IDDSI Cooking Webinar – Part 2 – Starchy Foods2 Nov 2018
IDDSI Cooking Webinar -Part 2
Following on from our discussion on the fundamentals of choosing and cooking meats we now look at the characteristics of starchy foods and some of the challenges around modifying them for IDDSI Levels. We focus here on IDDSI Level 4 – Pureed. Click the link to our IDDSI cooking webinar at the bottom of the page for more details and recipes.
Starchy Foods – Rice, Potatoes and Pasta
Starch – A very quick look at the chemistry
Starch is made by plants in order to store energy for periods of time when it might be in short supply. Sugars that we taste as sweet can be made of one or two units – starches can be made of millions of units!
There are 2 types of starch found in plants Amylose and Amylopectin. These are stored in granules in the plant cells.
Amylose is a relatively straight, linear polysaccharide that can be made up of several thousand units.
Amylopectin is a branched polysaccharide that can be made up of several million units.
Linear molecules find it easier to stick together than kinked or branched ones do. This affects the properties of food stuffs that contain the different types of starch and will contribute to the qualities of foods with different proportions of the 2 types of starch.

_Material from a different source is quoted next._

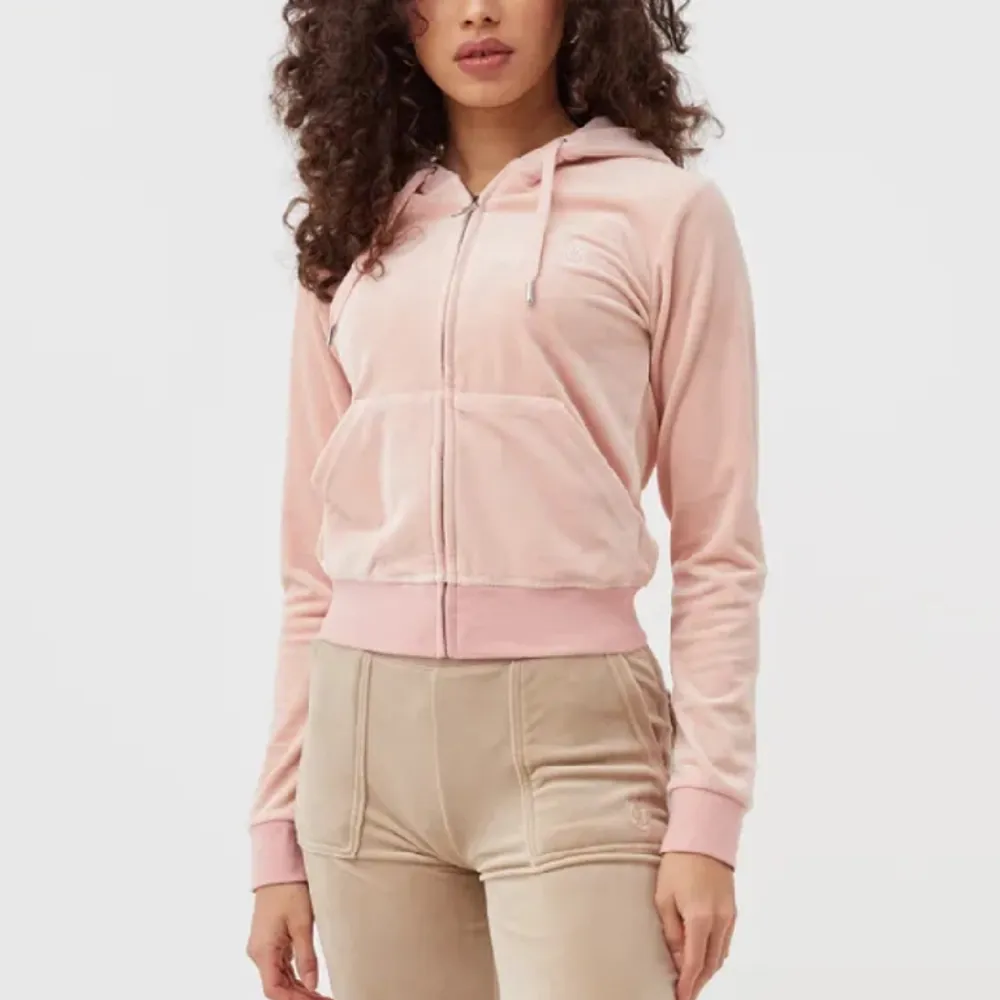 Säljer denna juicy couture track top i lite mer gammeldags rosa. Jackor.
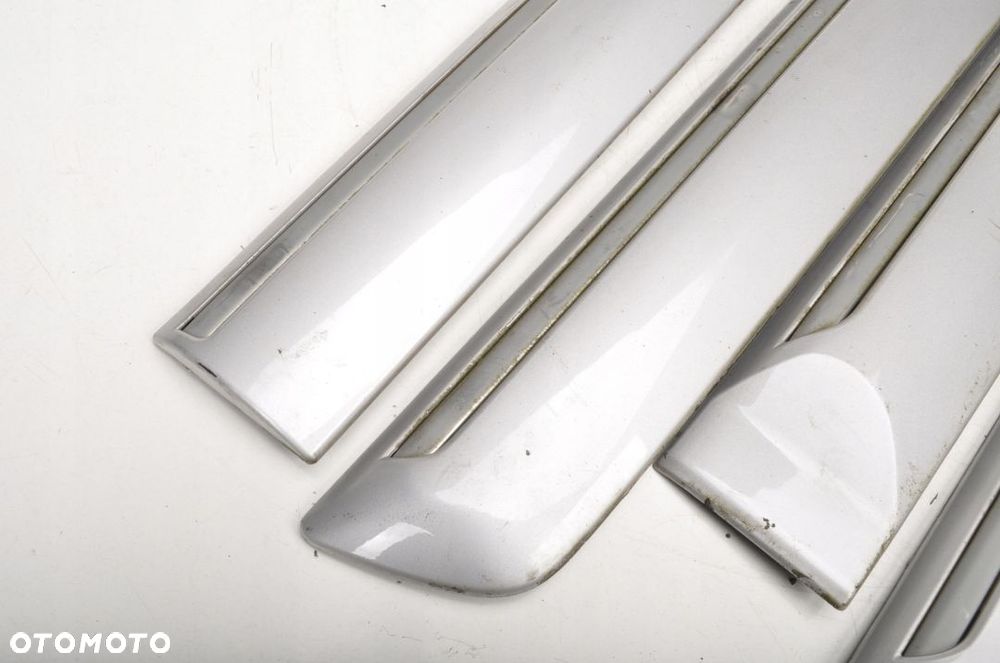 SUZUKI GRAND VITARA XL-7 LISTWY DRZWI KOMPLET - 10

The last thing we will say at this stage is that starch swells when heated in water. At temperatures between 50C-60C the starch will usually unravel, creating a tangled mesh of starch molecules that traps the water. This is called gelation and is the property of starch that allow for the thickening of sauces, texture of bread and the mouthfeel of noodles.
The starch molecules’ ability to bind therefore makes it sticky – something we need to avoid when creating modified foods for the IDDSI Levels.
There are thousands of different varieties of rice with a broad range of characteristics. At one end of the range is ‘sticky’ rice – this is made up primarily of amylopectin, the branched variety of starch. As the branches reduce the stability of the connecting molecules of starch the result is that it leaches easily into the cooking water. When the grains are fully cooked and drained the starches freed during the process sticks the rice together making it cohesive and giving its name.
Short grains such as arborio, carnaroli and pudding rice have similar characteristics to sticky rice.
Long grain rice have proportionally much more amylose than the shorter grain varieties. This is more stable during the cooking process and so once fully cooked the grains will be fluffy and separate.
Long grains include Basmati rice.
In our research we fully cooked (overcooked) both varieties and then blended with water, oil and a combination of both. The biggest finding was that the shorter, so called ‘sticky’ varieties were less sticky than their long grain cousins.
Ultimately both varieties had overly sticky textures that would be unsuitable at IDDSI Level 4 – and on it’s own pureed rice is not very pleasant.
Rice is usually eaten with other elements that are usually wet and saucy. We took our thinking down this path and made risotto style dishes, blended these down and added other purees that complimented the flavour. This started to soften the sticky nature of the rice purees and made them delicious to eat.
Again there are lots and lots of varieties of potato. In our efforts to find some clarity around making potato puree suitable for IDDSI Level 4 we looked into ‘pomme puree’ recipes served in top restaurants around the world (Including Heston Blumenthal and Joel Robuchon) and spoke with potato producers and suppliers. This gave us a great insight into the make up of potatoes, dry matter and such – however the characteristics of theses luxurious preparations with their unctuous mouthfeel make them unsuitable within the IDDSI framework.
So if you can pardon the pun – when we boil it down there are waxy salad potato varieties such as Charlotte and mealy floury varieties such as Maris Piper.
For an IDDSI Level 4 texture we found that the mealy floury varieties were best.
Scrub and cut the potatoes into 1 cm slices (by leaving the washed skins on the potatoes the earthy potato flavour is developed) and cook in well seasoned water.
As soon as the potatoes are totally soft pass through a sieve or a ricer and add in oil and full fat milk to the desired consistency.
We looked at 100% Durum wheat pasta for our study. Different varieties of pasta had the same characteristics – the only difference was in the length of time it took to fully cook (overcook) the pasta.
Quantities of pasta to liquid in the blending process was around 50/50 and we found that using thin but flavourful sauces helped in reducing the sticky nature of the starchy pasta. Pasta is served coated with a sauce so this is the same thinking as with the rice modifications.
When developing recipes around starchy foods be careful as they can thicken quite considerably as they cool. You will find that if you are making your IDDSI texture checks when the food is piping hot the food will over-thicken as it cools. Leave it to an eating temperature before you test the texture – you will find that this problem is greatly reduced. If your proportion of pasta to sauce is right the purees you make should be IDDSI Level 4 compliant.